Ran out of product. A very good  4th weekend vending. A little over 1500 pounds of pork went down. I had to bale early for lack of butts and ribs. I think it's better to bow out early, as to rush to get more to do. Shower, Power nap, And the beer tent for me tonight. What a rush vending for 3 and a half days. I would recommend it to anyone thinking of opening a barbecue place. But then again, Id rather work 16-20 hours for myself, Than work 8 hours for any one else! The poor pit is still smoking and needs a power wash as I do. :grin:  What a good time, There is no replacement for a smile a customer has.


----------



## Greg Rempe (Jul 3, 2005)

What do you make take home after an event like that, Pigs?


----------



## Pigs On The Wing BBQ (Jul 3, 2005)

Only the tax man knows.  :^o  I make triple the cost and then some. Do the math. It's diffrent every time. :grin:


----------



## Woodman1 (Jul 3, 2005)

I'm figuring 4 x cost on events now and can't keep up. I will have to add a helper soon though! GREG!!!!!!!


----------



## Greg Rempe (Jul 3, 2005)

With my labor cost added in you'd better quote 8x's cost! :grin:  :!:


----------



## Woodman1 (Jul 3, 2005)

Amen sister! I started loading and picking up food at 10:00 am on Friday. I spent Friday night in the bed of my truck sleeping restlessly until I got up at 3:00 am to fire up the pit. I finished putting away the gear at 11:00 pm Saturday night. 37 hours straight and I cleared $1,200. My knees and back are killing me, and my hands are all cut up from foil pans and lids! $ 32/hour ! Alot of work!


----------



## Greg Rempe (Jul 3, 2005)

If any of you chefs and cooks would like to learn some good ways of selling "_*value*_" vs. "*price*" I would be happy to counsel you.  I do it _EVERYDAY _at my job and I am very good at it!

Of course you don't need the help Woody...you already be a fine salesman! :!:


----------



## Nick Prochilo (Jul 3, 2005)

This goes with all lines of work!

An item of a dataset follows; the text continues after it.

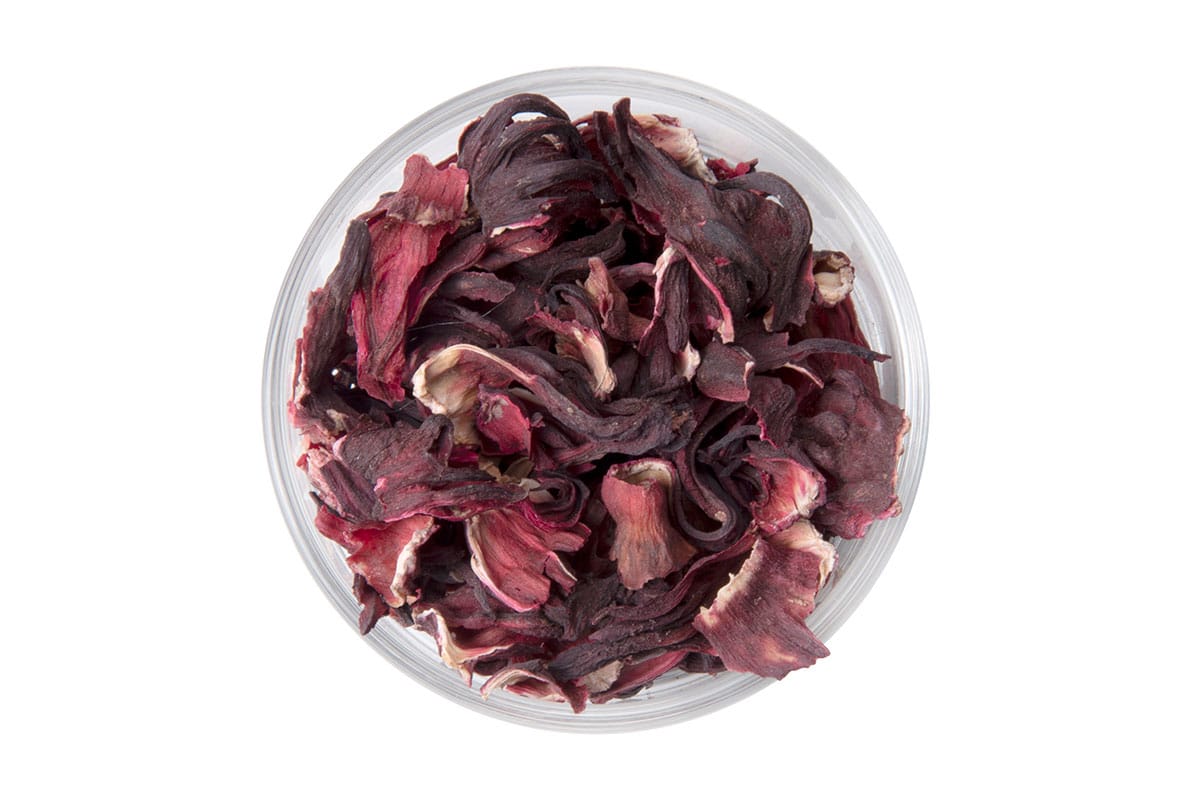 Sennentor , Organic Hibiscus tea , Fruit , 80 g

Even if you are working at any job, maybe pushing a broom for $15 per hour, the boss is charging $65 per hour for you! 3x's the food sounds way to cheap to me. And you are probably buying the food at the best prices around. Charge 3x's the most expensive price for the food would be a better deal, then shop for the best price! Don't sell yourselfs short, the guy who sells it cheaper isn't putting the same product out that you are!


----------



## Captain Morgan (Jul 28, 2005)

Welcome Goat!

Funny how the little jobs really aren't worth it unless you take 5 or 6 times the cost.


----------



## Jack W. (Jul 28, 2005)

Hoss's BBQ said:
			
		

> Do any of you charge a catering fee?  I normally charge a $300.00 fee for bringing the smoker chafer etc. This is on top of my per person prices.  This also allows me an area to give a discount if they are tight for cash I will sometimes reduce this fee or remove it.  It can sometimes make them feel Like they got  discount which will not hurt my costing ratio.  Just a thought.

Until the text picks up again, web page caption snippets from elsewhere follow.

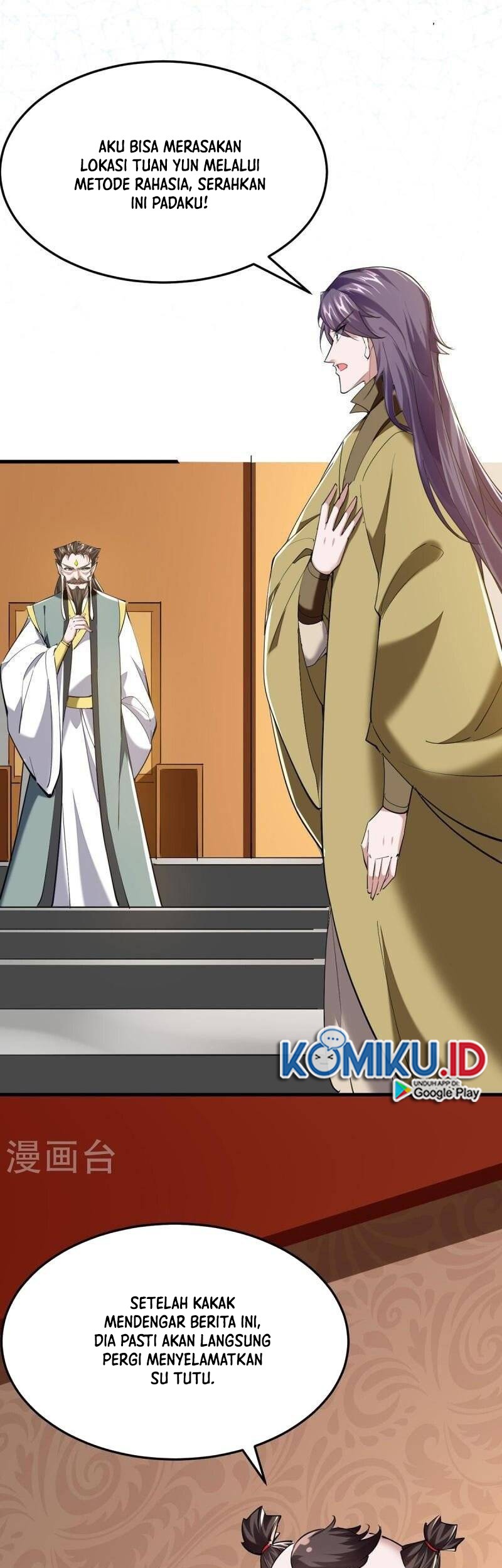 Return of Xiandi Chapter 326 Gambar 8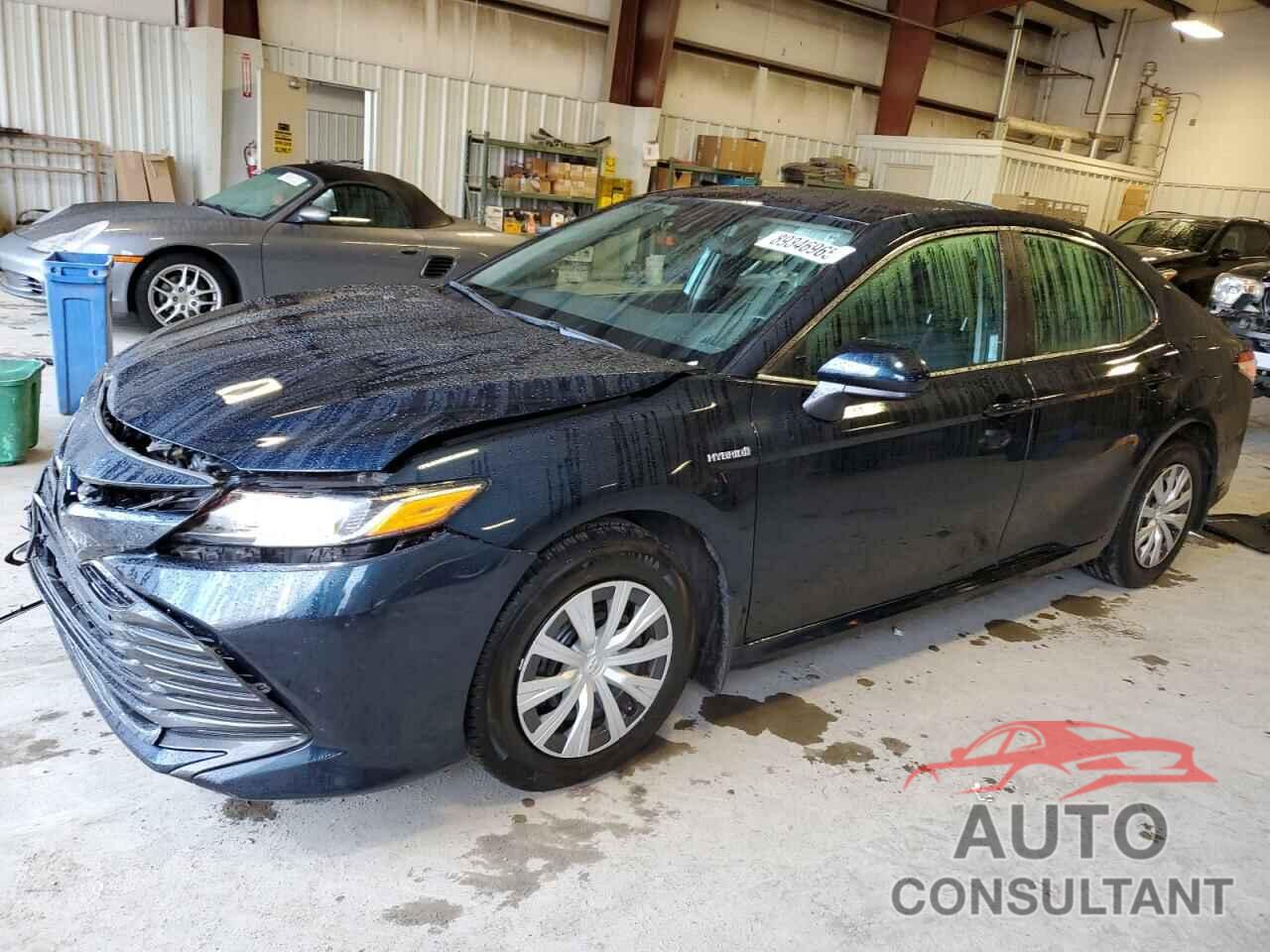 TOYOTA CAMRY 2019 - 4T1B31HK8KU515394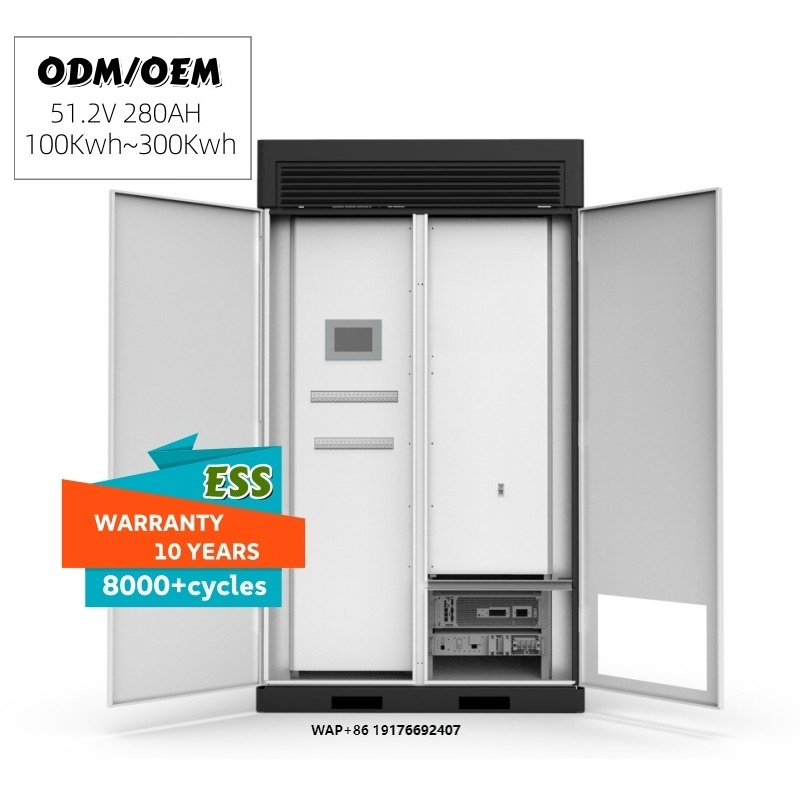 High Voltage Commercial Batter - Energy Storage Rack review and price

I use this technique.  I charge $125 for the cooker and $175 for an Award Winning Pit Master to be on site.   Full service includes labor charges for each additional person gauranteed in the contract at between $75 and $150 depending on the service the employee will be providing.  I don't have a bit of trouble finding people to work at these rates.  I don't make a dime on labor.  I pass it all on to the help.  Gratuity is sometimes added and sometimes not.  Depends on the customer.  Some customers will jump at the chance to have the food "dropped off" when they see how much money they can save by serving the food and cleaning up the mess by themselves.   There is a set up charge.  Disposable wire chaffers really are the stuff.  We mark those up for retail as well.   This more or less eliminates the down time at events and makes it much more profitable.  Everything I do is food X 4.  All whole hog cooks are cost of the hog plus $300 just for the hog.  I stay pretty busy.  

Good Q!

Jack


----------



## txpgapro (Jul 29, 2005)

Where can you find those throw-away chaffers?


----------



## Jack W. (Jul 29, 2005)

txpgapro said:
			
		

> Where can you find those throw-away chaffers?



Sam's Club and Costco both carry them in my area.  I've also seen them at a place called Fred's.

Good Q!

Jack


----------



## ScottyDaQ (Jul 29, 2005)

Big Lots has em, Costco has em. They're eveywhere.


----------



## txpgapro (Jul 31, 2005)

How aobut a picture of one?


----------